Going to summarize what I've tried with local patches here:

IFF_ONE_QUEUE:

I'm still up in the air as to the utility of this flag.  I made a
patch to make it an experimental configuration parameter in tinc.conf,
and enabling it actually seemed to make matters worse in our
particular scenario.  Reading source code and comments around the net
(re: other VPN solutions that use TUN), it seems like most people
think it's beneficial though, and possibly even enable it by default.
It's probably best left as a experimental config setting defaulting to
off (current behavior) for now until someone really digs into this
issue deeper though.  I can't claim to really understand what's going
on here.

SO_SNDBUF/SO_RCVBUF for the UDP socket:

I haven't actually bothered patching this in yet (because I have a
sysctl workaround for now, it's less urgent to me), but they're
obviously a good idea and I can add them in any patches I send up.

Packet sequence (/loss/replay/etc) issues:

I made a patch that made the late-packet bitmap size configurable, and
increasing it (first to 512 packets, then to 2048) did do wonders for
us.  If you've only got a handful of TCP connections flowing through a
tunnel, given that TCP can only handle out-of-order to small degree
(via SACK, etc), packets outside the default 128 range would be
useless anyways.  However, if you've got many thousands, it's easy for
say 1000 packets to go through the tunnel without any two of them
being from a single TCP session, which really changes the game and
makes you want to save late/early packets well outside the default 128
range in case of reordering.

Another thing we get hit with (thanks to the underlying network at
Amazon under brutal conditions, I think) is isolated packets jumping
the queue by a lot.  E.g. in a given tunnel's sequence, we might see
1-2 packets suddenly arrive hundreds of seqnos ahead of the most
recent seqno, but then they're immediately followed by all of the
"missing" packets (many of which would then be dropped by tinc by
default).  So I also added a patch that makes tinc a little bit more
resilient against this.  When the first far-future packet arrives
(outside the size of the late window), that packet is dropped and the
sequence-tracking is unaffected.  As more far-future packets continue
to arrive (without intervening older traffic we were waiting on), they
continue to be dropped until N of them have been seen, at which point
we give up waiting on the other traffic and advance the sequence
number, etc like before.  N is set to 1/32 of the late-window size (so
4 packets vs with the default window of 128 packets).  This copes much
better when 1 (or a few) packets jump the queue without the rest being
truly lost, and in the case where a large chunk of packets really were
lost, it only extends the amount of dropped packets by N, which is at
most 1/32nd of the originally lost packets.  Seems like a good
tradeoff to me, but you might disagree for the common case.

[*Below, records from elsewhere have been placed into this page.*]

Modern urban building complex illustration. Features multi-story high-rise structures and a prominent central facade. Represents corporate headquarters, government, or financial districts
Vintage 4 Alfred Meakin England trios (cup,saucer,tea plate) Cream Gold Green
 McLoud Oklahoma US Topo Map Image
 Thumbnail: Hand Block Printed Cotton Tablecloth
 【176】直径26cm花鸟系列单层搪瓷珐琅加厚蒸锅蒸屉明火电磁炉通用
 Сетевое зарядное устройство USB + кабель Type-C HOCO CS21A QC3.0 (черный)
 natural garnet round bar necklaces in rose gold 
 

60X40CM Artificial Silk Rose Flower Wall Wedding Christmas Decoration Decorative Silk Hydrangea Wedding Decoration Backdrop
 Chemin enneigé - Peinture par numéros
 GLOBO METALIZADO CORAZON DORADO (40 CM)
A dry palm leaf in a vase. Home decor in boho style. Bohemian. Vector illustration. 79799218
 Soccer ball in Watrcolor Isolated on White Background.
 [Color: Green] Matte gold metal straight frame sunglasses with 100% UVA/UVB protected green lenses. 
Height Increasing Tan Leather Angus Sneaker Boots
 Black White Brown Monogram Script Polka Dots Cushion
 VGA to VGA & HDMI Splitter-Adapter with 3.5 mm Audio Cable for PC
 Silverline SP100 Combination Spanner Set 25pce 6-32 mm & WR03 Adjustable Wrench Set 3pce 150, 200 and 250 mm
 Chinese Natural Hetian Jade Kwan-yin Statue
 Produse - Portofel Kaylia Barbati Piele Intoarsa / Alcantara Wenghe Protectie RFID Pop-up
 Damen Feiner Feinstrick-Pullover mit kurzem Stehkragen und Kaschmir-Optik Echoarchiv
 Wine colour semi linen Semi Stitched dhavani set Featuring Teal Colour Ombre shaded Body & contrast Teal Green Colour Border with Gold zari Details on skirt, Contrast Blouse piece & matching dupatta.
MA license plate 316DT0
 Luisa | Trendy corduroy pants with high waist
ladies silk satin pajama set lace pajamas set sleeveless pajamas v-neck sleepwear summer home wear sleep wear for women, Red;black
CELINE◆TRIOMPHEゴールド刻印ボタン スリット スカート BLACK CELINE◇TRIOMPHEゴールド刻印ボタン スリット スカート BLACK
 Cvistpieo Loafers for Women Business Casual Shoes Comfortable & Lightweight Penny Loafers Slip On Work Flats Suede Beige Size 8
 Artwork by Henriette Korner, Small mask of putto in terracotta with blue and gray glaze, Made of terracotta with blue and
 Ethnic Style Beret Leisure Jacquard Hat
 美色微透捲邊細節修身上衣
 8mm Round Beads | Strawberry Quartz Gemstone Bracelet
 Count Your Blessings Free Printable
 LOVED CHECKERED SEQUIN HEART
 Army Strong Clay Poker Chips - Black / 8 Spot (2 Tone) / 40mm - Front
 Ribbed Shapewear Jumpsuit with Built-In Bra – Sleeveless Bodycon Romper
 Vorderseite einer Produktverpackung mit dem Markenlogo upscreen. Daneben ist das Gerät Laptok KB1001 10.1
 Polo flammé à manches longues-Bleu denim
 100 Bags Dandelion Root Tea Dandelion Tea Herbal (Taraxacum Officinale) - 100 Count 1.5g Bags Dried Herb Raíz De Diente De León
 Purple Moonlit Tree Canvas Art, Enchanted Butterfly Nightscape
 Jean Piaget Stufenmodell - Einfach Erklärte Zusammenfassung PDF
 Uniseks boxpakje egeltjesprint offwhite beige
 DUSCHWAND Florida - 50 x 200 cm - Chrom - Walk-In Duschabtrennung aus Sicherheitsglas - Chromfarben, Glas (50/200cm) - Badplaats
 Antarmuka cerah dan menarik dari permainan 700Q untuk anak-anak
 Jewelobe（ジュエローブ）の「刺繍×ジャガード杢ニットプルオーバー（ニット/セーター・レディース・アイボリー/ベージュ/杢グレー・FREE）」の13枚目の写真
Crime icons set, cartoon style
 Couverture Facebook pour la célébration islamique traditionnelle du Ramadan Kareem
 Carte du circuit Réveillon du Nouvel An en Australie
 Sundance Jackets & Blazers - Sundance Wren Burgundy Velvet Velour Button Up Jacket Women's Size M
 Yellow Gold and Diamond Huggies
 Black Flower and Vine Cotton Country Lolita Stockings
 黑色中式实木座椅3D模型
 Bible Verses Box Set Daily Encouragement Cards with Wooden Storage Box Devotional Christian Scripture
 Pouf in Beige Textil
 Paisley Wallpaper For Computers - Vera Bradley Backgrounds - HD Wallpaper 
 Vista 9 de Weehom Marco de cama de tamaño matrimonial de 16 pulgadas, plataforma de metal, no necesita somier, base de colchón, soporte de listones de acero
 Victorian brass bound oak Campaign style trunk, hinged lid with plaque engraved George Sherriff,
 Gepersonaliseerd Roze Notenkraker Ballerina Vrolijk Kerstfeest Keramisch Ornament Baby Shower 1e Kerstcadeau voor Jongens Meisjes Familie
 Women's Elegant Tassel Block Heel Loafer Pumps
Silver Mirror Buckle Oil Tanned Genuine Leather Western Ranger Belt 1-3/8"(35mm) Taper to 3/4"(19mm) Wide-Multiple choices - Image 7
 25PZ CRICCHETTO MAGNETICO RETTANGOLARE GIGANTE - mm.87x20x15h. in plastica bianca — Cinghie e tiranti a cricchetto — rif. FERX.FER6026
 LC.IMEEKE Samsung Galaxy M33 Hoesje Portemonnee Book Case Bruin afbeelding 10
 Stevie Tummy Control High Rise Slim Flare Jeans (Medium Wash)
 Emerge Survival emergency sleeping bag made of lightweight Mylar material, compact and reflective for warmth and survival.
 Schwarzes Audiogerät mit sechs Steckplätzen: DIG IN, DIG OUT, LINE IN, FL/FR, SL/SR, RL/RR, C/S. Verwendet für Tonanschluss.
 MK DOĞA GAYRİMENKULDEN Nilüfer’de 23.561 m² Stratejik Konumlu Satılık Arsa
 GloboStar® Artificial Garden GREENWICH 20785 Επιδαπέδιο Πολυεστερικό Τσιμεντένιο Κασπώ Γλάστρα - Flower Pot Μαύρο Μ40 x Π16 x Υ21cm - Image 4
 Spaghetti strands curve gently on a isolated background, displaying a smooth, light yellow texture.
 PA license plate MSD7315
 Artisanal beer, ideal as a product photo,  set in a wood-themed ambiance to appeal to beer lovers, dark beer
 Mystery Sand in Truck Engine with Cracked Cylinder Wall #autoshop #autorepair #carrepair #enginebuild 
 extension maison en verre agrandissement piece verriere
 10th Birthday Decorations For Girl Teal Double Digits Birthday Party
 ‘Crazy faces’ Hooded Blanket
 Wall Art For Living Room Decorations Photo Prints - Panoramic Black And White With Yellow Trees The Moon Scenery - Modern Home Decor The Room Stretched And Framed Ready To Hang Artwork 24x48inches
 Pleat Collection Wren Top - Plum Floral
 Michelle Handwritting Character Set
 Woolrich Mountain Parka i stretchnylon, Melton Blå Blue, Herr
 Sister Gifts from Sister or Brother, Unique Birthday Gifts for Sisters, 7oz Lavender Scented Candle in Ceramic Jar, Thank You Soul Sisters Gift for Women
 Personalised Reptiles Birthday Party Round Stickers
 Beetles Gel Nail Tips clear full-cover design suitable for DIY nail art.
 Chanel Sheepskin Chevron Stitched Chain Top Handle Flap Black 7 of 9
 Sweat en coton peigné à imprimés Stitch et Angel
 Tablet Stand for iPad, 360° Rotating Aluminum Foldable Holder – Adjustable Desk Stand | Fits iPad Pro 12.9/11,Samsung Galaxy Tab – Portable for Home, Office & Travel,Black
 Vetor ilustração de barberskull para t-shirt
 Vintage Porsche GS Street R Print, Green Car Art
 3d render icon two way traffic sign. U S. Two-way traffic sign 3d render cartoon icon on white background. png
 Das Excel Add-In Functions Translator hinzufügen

I eventually realized that this whole late-packet tracking thing is
really all about replay security.  Since I'm using tinc more to get
around routing limitations than for security (I already disabled
encryption and authentication too), for a scenario like mine the ideal
solution is to simply pass all traffic and ignore the sequence numbers
on the receiver side (and not even bother maintaining the late-packet
bitmap).  So I updated my earlier patch to allow the late-packet
window to be set to zero, which disables the related code in the
net_packet receiver (and again improved the situation for us in the
real world).

I'm not sure how much of this you want upstream or how you want it
broken up, but let me know, I can reshuffle my patches a bit and work
out a set of them for these things to send to you tomorrow sometime
(IFF_ONE_QUEUE for Linux, socket buffer sizing, configurable
late-packet window, queue-jumper resilience, option to disable replay
prevention completely).  The latter 3 all build on each other
currently, but could be re-ordered any other way if you don't like the
idea of some of them (e.g. could have a param to disable replay
prevention completely without the other two).

Thanks,
-- Brandon